Castle Amber is split between a dungeon crawl (through the eponymous castle) and a more loosely describe adventure through the lands of Averoigne. Averoigne is described as a province of an alternate earth, based on the French province of Auvergne. Averoigne was the setting for a number of stories by the writer Clark Ashton Smith, four of which become mini-adventures in this module. Before reaching Averoigne, however, the adventuring party must brave Castle Amber and make it out intact.

The Amber family were originally the d'Ambreville's of Averoigne until they were forced to flee across dimensions and found refuge on Mystara in Glantri, a magocracy briefly described in The Isle of Dread. Being a family of powerful mages, the Amber family rose in power to the point that the head of the family was made a Prince of Glantri. The seventh Prince of the Amber family, Stephen Amber (or Etienne d'Ambreville) was one of the most powerful mages in history. Then the entire family and their mansion (Castle Amber) vanished. That was over a century ago.

The party goes to sleep one night on the road and wake to find themselves in the foyer of Castle Amber, penned in by a choking mist that prevents their leaving. To escape, they have to explore the mansion, encountering numerous members of the Amber family of varying levels of sanity, and ultimately find a gateway that transports them to Averoigne. In Averoigne, more adventuring is required to find a way back to the adventurer's home world.

Mystara Monday: Module X2 - Castle Amber
The first of the Amber family the players meet is Jean-Louis.
He likes to put on boxing matches using artificial people.
He's one of the relatively sane ones.

Many of the encounters in the mansion draw from the stories of Edgar Allan Poe, with clear references to Hop-Frog and The Fall of the House of Usher for example. Many of the Amber family have been cursed in some manner, often transformed into animal men. Even the encounters with normal monsters tend to be written in keeping with the off-kilter feel of the mansion, such as an ogre who killed Janette d'Ambreville and has been enchanted to believe it is her.

Mystara Monday: Module X2 - Castle Amber
Also there's a woman and a unicorn sleeping in the garden.
Spoiler: She's a gold dragon. Don't touch her chest.

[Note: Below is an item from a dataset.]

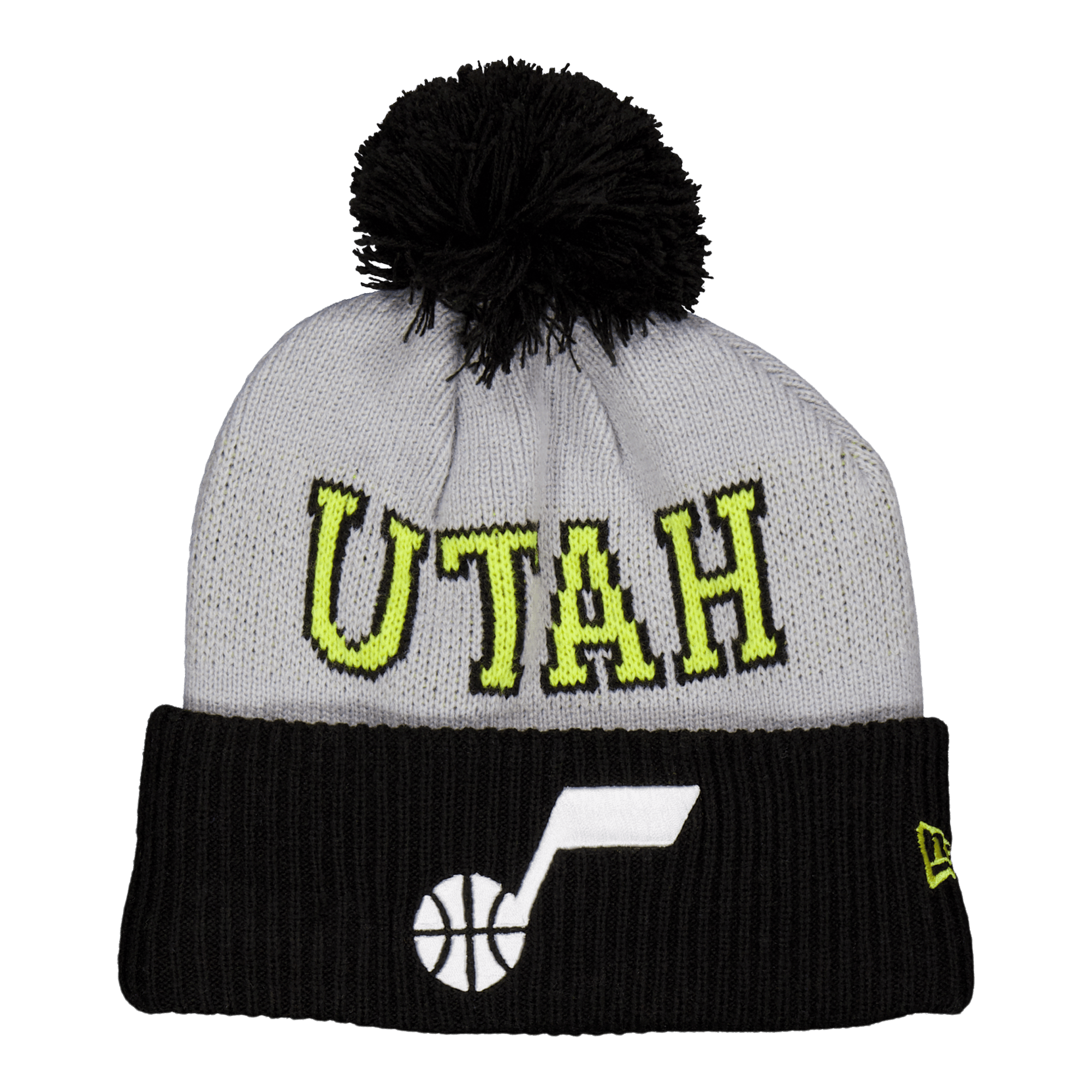 JAZZ KNIT NBA TIP OFF 23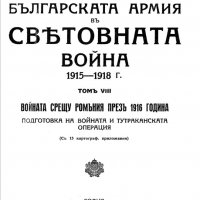 Българската армия в световната война 1915-1918, снимка 1 - Специализирана литература - 20175581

In the course of exploring the mansion, the party can learn that the family was cursed when Prince Etienne was murdered by his brother, Henri, and Henri's wife, Catharine. To escape, they will have to travel to Averoigne through a portal in the castle dungeon and find Etienne's tomb. This leads to the second portion of the adventure where the party must explore Averoigne to find four magical items which can be used to summon the tomb. Each of those items is a reward from a short adventure drawn directly from one of Clark Ashton Smith's stories.

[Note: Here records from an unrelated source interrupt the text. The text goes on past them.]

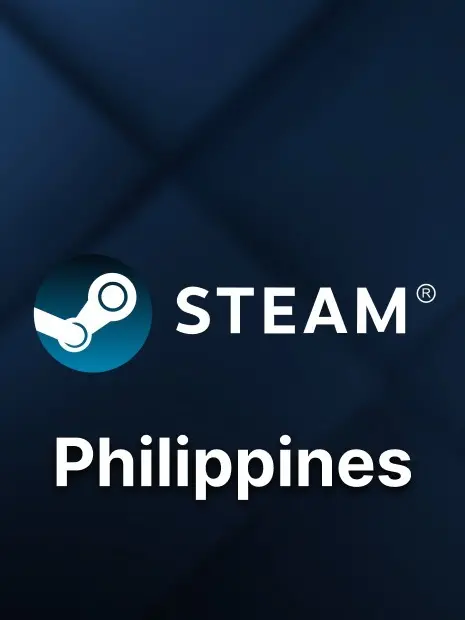 Steam Wallet Code Philippines - 1750 PHP - INSTANT DELIVERY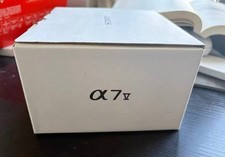 New and unused SONY 7 V body ILCE-7M5 mirrorless single-lens camera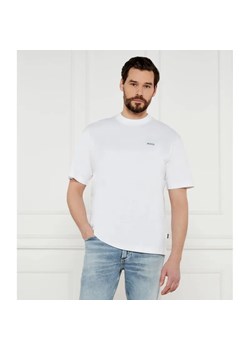 BOSS ORANGE T-shirt Te_numbers | Loose fit ze sklepu Gomez Fashion Store w kategorii T-shirty męskie - zdjęcie 184356107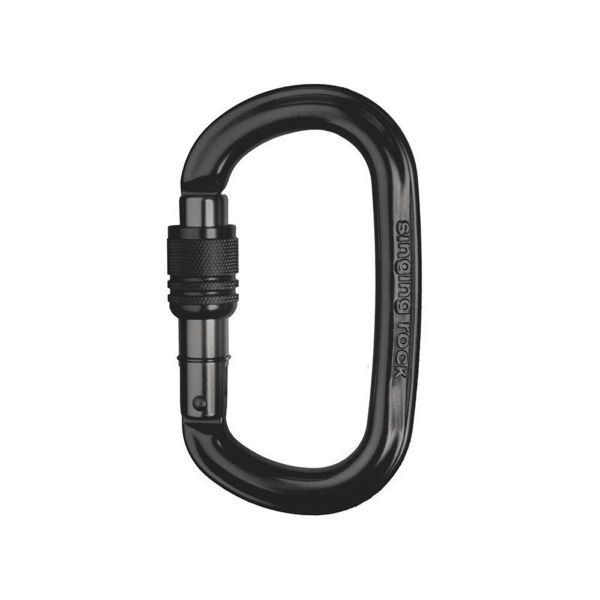 Singingrock Ozone Screw Vidalı D Karabina black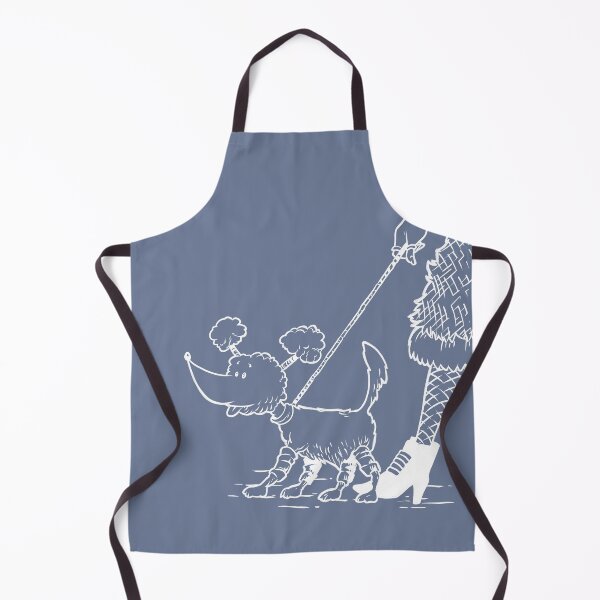 Item preview, Walking Miss Daisy (White) designed and sold by saqman.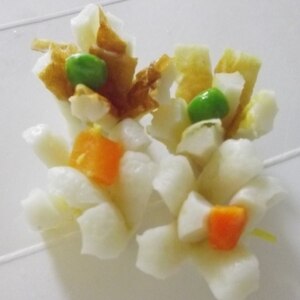 お弁当の隙間に お花ちくわ レシピ 作り方 By Hahaue 楽天レシピ お弁当の隙間に お花ちくわ レシピ 作り方 By Hahaue 楽天レシピ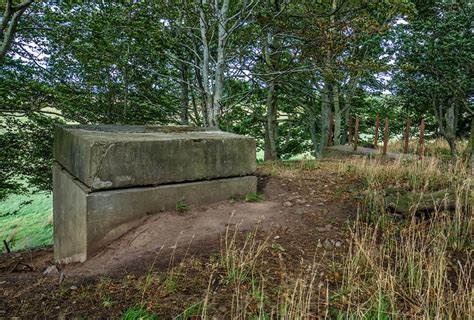 Raf Milltown Ww2 Airfield Battle Hq © Mike Searle Cc By Sa20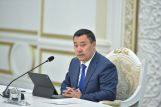Президент Кыргызстана вручил государственные премии в области науки и техники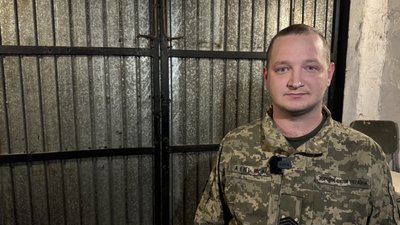 "Що можемо вразити — все вражаємо": як працюють мінометники з Миколаївщини на запорізькому напрямку "Що можемо вразити — все вражаємо": як працюють мінометники з Миколаївщини на запорізькому напрямку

On reaching the tomb the party discovers that Etienne is not truly dead, but was trapped within his tomb waiting for the adventurers to free him. He teleports them all back to Glantri, resurrects up to four characters that died during the adventure (there are a lot of save or die opportunities in this module), gives everyone a magic item, and vanishes. Adventure over.

This is a module that I've never had the opportunity to run, but have always wanted to. In a lot of ways it feels like something that might better fit in Ravenloft than Mystara; it has a gothic weirdness feel throughout that would be right at home in the Demiplane of Dread. I'd probably modify the hook so that the characters are actively seeking the home of the Amber family so that it's less of a railroad, and I'd definitely want to turn a lot of the save or die encounters into less fatal punishments. Overall though, it's a really neat module with a lot to recommend it.

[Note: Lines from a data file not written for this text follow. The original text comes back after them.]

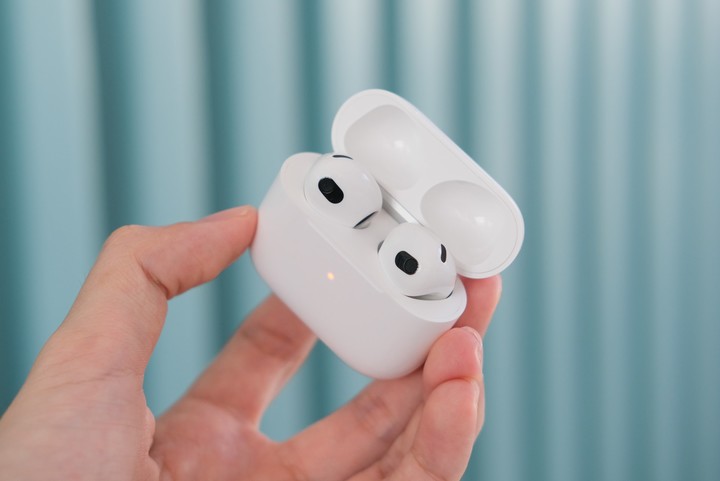 AirPods 3 設計 訪問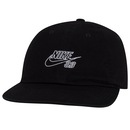 Boné Aba Reta Nike H86 Flatbill - Strapback - Adulto - Foto 1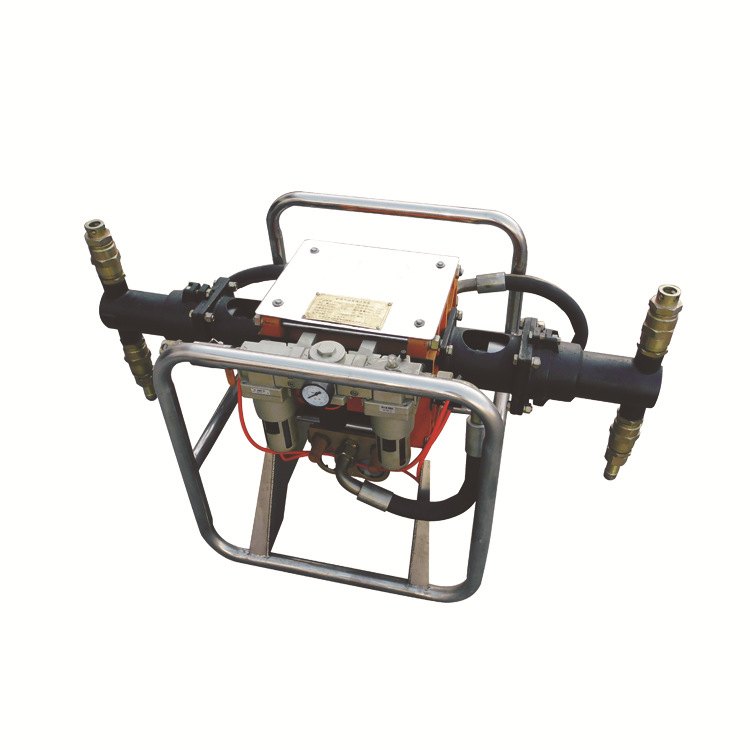 狂狮    矿用气动注浆泵  气动双液注浆泵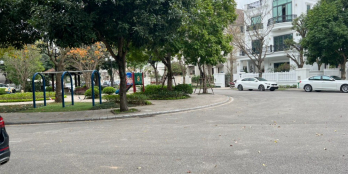 Bán gấp biệt thự song lập view công viên Vinhomes Riverside Long Biên, thiện chí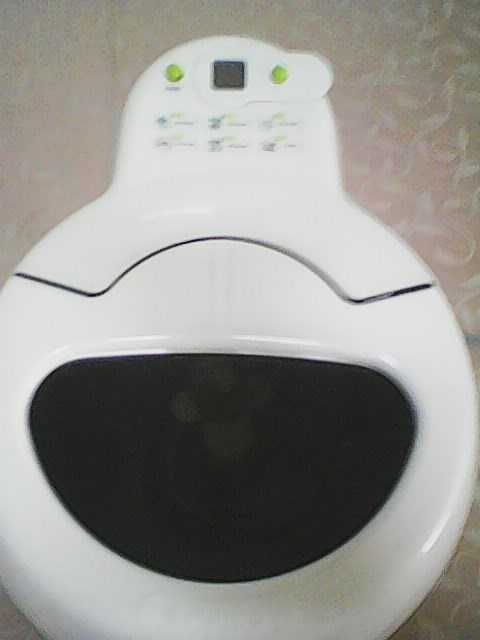 Fritadeira da Tefal de Fritar Sem Óleo, nunca foi usada, é nova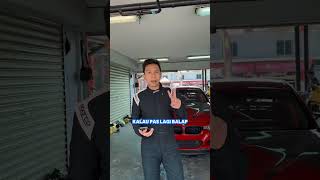 Bang kenapa jok depan mobil balap ga 1 aja gausah 2 shorts f30 bmwf30 f30racecar bmwf30racecar [upl. by Ydderf772]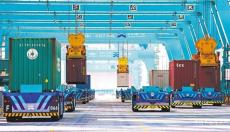 志在萬里天津港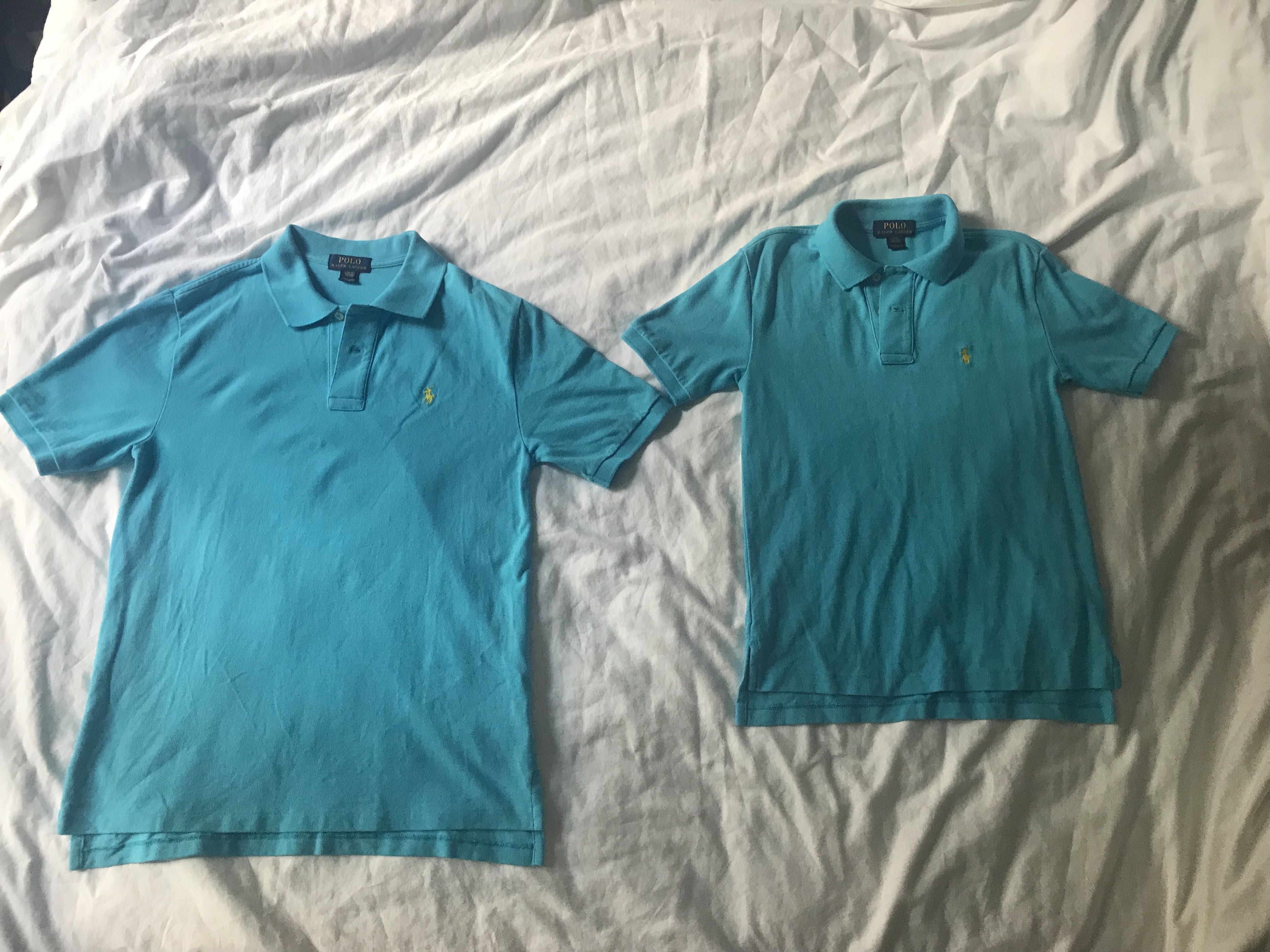 20 Polo Shirt Cotton Mesh Lauren Boys 8 Ralph wOv8nm0N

As I mentioned before, Etienne becomes a key player as Mystara develops. We'll see that more in depth when we get to the Glantri Gazetteer and later the Wrath of the Immortals boxed set. In short though, after being freed from his state of living death he goes on to ascend to immortality through the use of the Nucleus of the Spheres, a nuclear reactor buried deep beneath Glantri in the remains of crashed spaceship. Mystara can be weird, y'all.